Este sábado a poco de empezar el campeonato ya había un par de técnicos en la picota: Lopetegui, en el Sevilla, y Sergio, en el Cádiz, se jugaban la vida. En el mundo del fútbol, donde todo es una gran exageración, jugarse la vida, como en este caso, es que te echen porque los resultados no acompañan. Lopetegui logró ganar, no sin sufrimiento a pesar de llevar tres goles de ventaja. Alargó su vida en el Sevilla. Si la directiva decide que ya no eres el técnico del equipo, te cesan en el cargo, te pagan un finiquito millonario y te vuelves a casa con las vacas, como diría Setién. En la jerga futbolera eso es jugarse la vida. No hace falta ser un superhéroe, un valiente, ni nada por el estilo.

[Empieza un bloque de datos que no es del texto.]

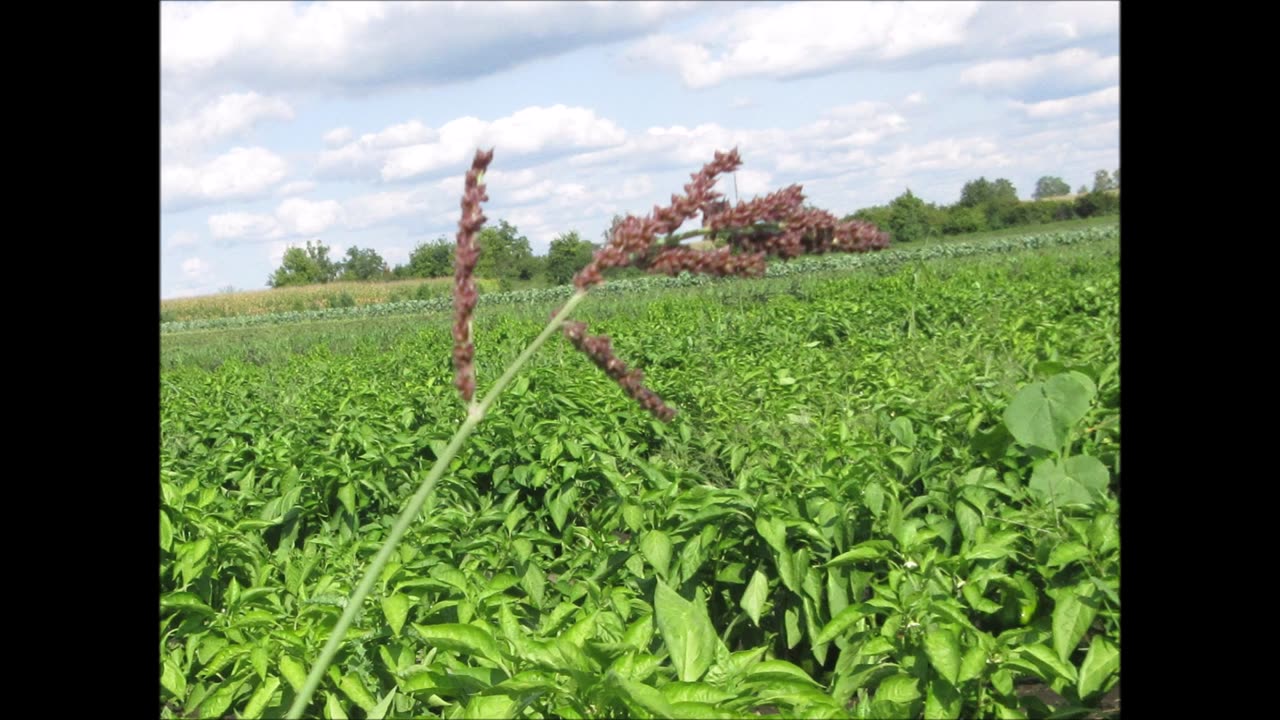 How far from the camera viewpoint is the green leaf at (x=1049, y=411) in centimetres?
344

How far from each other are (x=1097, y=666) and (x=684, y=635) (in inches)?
35.4

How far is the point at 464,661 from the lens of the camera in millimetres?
2574

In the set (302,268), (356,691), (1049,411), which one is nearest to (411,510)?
(356,691)

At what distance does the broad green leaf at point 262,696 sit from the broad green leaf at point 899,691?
1338 millimetres

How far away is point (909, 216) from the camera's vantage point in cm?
5200

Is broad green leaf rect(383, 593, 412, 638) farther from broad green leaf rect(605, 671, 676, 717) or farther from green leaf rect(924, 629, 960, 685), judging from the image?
green leaf rect(924, 629, 960, 685)

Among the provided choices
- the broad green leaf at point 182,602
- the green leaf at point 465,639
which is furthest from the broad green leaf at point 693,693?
the broad green leaf at point 182,602

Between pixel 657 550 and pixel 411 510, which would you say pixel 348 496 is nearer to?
pixel 657 550

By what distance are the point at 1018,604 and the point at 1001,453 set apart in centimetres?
105

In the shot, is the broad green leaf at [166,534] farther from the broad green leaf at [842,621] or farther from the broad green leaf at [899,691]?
the broad green leaf at [899,691]

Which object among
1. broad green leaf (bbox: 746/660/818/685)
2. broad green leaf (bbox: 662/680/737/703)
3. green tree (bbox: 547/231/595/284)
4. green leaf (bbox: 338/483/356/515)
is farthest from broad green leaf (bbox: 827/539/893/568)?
green tree (bbox: 547/231/595/284)

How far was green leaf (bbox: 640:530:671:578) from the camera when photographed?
3131 millimetres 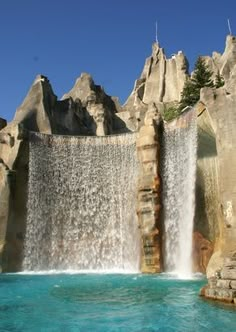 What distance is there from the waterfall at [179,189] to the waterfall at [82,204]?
2.09 metres

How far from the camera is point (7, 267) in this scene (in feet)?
72.9

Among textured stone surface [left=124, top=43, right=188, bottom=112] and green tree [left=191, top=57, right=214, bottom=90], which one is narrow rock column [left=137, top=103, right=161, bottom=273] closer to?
green tree [left=191, top=57, right=214, bottom=90]

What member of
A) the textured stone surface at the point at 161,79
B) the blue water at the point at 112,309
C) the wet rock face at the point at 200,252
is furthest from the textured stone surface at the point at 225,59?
the blue water at the point at 112,309

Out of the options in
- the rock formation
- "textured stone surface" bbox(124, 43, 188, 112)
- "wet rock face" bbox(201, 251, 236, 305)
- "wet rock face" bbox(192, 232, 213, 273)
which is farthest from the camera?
"textured stone surface" bbox(124, 43, 188, 112)

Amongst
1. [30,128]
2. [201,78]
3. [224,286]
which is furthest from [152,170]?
[201,78]

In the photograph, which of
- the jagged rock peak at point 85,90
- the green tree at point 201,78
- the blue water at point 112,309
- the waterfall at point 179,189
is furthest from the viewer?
the jagged rock peak at point 85,90

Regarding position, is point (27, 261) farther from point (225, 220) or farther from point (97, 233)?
point (225, 220)

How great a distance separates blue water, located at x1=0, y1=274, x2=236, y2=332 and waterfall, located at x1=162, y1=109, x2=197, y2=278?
16.6 feet

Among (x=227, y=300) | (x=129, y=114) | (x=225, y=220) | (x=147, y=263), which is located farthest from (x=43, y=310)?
(x=129, y=114)

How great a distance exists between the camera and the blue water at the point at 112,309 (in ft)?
29.3

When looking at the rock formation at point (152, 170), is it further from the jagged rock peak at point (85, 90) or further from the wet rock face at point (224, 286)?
the jagged rock peak at point (85, 90)

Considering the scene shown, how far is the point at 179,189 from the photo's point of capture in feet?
70.8

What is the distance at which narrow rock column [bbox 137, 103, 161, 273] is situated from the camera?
799 inches

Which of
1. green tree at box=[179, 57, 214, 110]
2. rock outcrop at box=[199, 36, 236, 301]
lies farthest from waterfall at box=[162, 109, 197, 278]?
green tree at box=[179, 57, 214, 110] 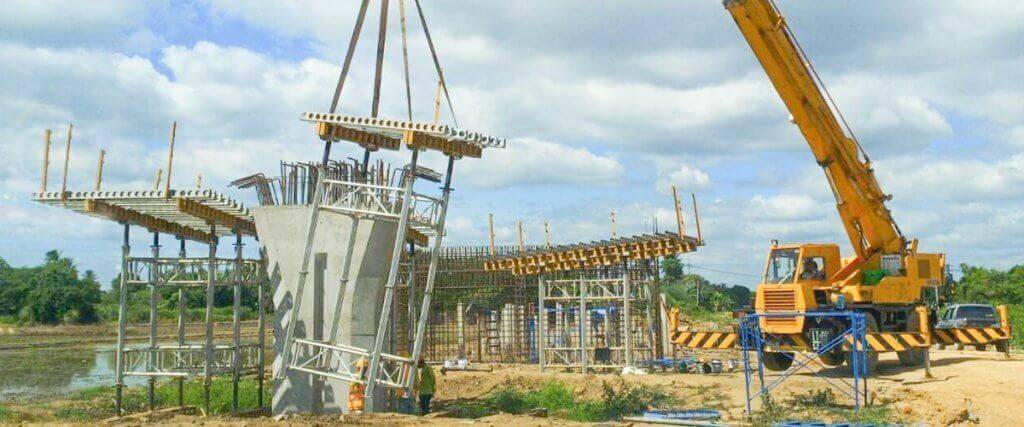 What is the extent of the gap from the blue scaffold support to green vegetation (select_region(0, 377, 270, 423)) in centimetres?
1037

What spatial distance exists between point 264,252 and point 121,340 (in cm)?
317

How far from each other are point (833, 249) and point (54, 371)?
87.7 ft

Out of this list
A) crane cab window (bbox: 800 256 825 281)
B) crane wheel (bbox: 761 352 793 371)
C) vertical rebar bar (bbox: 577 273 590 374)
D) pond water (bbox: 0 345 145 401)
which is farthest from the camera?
pond water (bbox: 0 345 145 401)

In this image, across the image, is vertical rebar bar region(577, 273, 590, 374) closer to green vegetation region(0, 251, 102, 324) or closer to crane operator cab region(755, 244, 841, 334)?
crane operator cab region(755, 244, 841, 334)

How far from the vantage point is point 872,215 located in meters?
20.8

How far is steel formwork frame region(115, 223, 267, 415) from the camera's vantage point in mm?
18109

Jugarse la vida es una expresión magnificada. Disputar una eliminatoria complicada, salvarte del descenso, jugar el encuentro que te dé el campeonato, arriesgar la pierna para llegar al corte, es, oh, jugarse la vida.

Pero la expresión deja de tener sentido, cuando en el minuto 36 del segundo tiempo, un señor, aficionado del Cádiz, en el Nuevo Mirandilla, es víctima de un infarto. Entonces la gente comienza a gritar. Los jugadores se dan cuenta, el árbitro del Cerro Grande para el partido y el portero Ledesma lleva el desfibrilador hasta detrás de su portería, para lanzarlo a la grada. El tiempo apremia y lo demás puede esperar. Un hombre del fútbol que estaba en la grada se jugaba la vida en serio. Entonces el fútbol, lo más importante de entre las cosas que no son importantes, es puesto en su sitio. Porque todo el estadio comienza a sufrir a la espera de un desenlace que se deseaba feliz. Cincuenta minutos interminables. En el medio se desvanece un trabajador de la televisión. Solo confusión y caras de preocupación. A nadie importaba a estas alturas el resultado, porque alguien se estaba jugando la vida de verdad. Por suerte no hubo que lamentar la pérdida de una vida. La de un aficionado en un estadio de fútbol que tontea con la muerte, sufre por sus colores, por los que deja la vida.